The history of jazz and musicianship in Black American protest is deeper than many people realize, said Marsalis, the legendary trumpeter who delivers stirring melodies throughout the album. Stevenson accompanies on piano and interweaves spoken reflections on disenfranchisement, racial injustice and the activism that ignited in response.

“Jazz, itself, was a counterstatement to minstrelsy,” said Marsalis, referring to a form of entertainment popularized in the 20th century that included white actors with blackened faces performing racist depictions of African Americans.

“Jazz still has that same impact,” he said. “People show up, they can play, they’re serious about what they do. They will discuss issues and be for real about it, and they don’t feel the need to denigrate themselves.”

Derived from ragtime and blues, cultivated in turn-of-the-century New Orleans, and rising to prominence during the Harlem Renaissance, the genre is a crossroads where music meets the march for justice. Some historians even consider jazz singer Billie Holiday’s 1939 rendition of “Strange Fruit,” an anti-lynching poem by Abel Meeropol, one of the catalysts of the Civil Rights Movement.

“I think jazz as an art form needs to be understood as a protest against these narratives that Black people are somehow incapable,” Stevenson said. “The extraordinary thing that jazz musicians did was that they took Western music, did things to these art forms that others have been playing for centuries, and added things that dazzled and inspired.”

“They did it with a kind of dignity and intentionality of rebutting this false narrative of racial hierarchy,” he said.
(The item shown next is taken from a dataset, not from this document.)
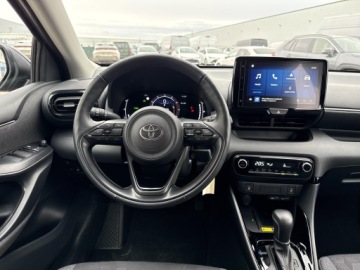 Toyota Yaris IV Hatchback 1.5 Hybrid Dynamic Force 116KM 2024 Toyota Yaris Hybrid 1.5 Style IV (2020-) Hybrid 1., zdjęcie 9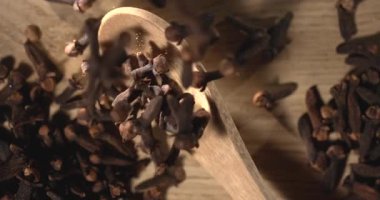 Süper yavaş çekim, Açılı Tahta Kaşık Düşen Karanfiller, Ritmik Yavaş Hareket, Sıcak Mutfak Tonları,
It’s in that spirit that Owens’ buoyant “Ida’s Crusade” chronicles journalist Ida B. Wells-Barnett’s lifelong fight against lynching and wrongful imprisonment. “Elaine,” by Evans, takes inspiration from the 1919 massacre in Arkansas that claimed the lives of several hundred Black Americans.

With Marsalis and Stevenson, the Jazz at Lincoln Center Orchestra performs new arrangements of “Honeysuckle Rose,” originally composed by Fats Waller in 1929; “We Shall Overcome,” the Civil Rights Movement refrain from 1947; and “Freedom Suite,” originally composed by Sonny Rollins in 1958.

Aside from Stevenson’s monologues, the songs on “Freedom, Justice and Hope,” the songs are completely instrumental, with no vocals.

Jazz’s reliance on instrumental leads has led some to stereotype it as dated, irrelevant and less connected to social justice than vocally driven rap and hip-hop — think Public Enemy’s “Fight the Power,” N.W.A’s “F(asterisk)(asterisk)(asterisk) Tha Police,” and Kendrick Lamar’s “Alright.” But musicians, scholars and activists alike urge listeners to recognize and champion the political messages communicated through the music’s emotional depth.

“Sometimes there are no words to express the joy and the blues that we feel,” said Reiland Rabaka, the founding director of the Center for African and African American Studies at the University of Colorado Boulder.

“And sometimes those trumpets, those saxophones, those guitars, those pianos — they can say it better than our words can say it,” said Rabaka, who has written extensively about hip-hop and Black Power, women’s liberation and civil rights songs.

The improvisational elements of jazz can be traced to the Middle Passage from Africa to the Americas, where slaves shackled to the bottoms of ships invented songs, according to Rabaka. Improv was also found in the Juba and juke dances common in various parts of the southern United States, including New Orleans’ Congo Square, where slave auctions were held.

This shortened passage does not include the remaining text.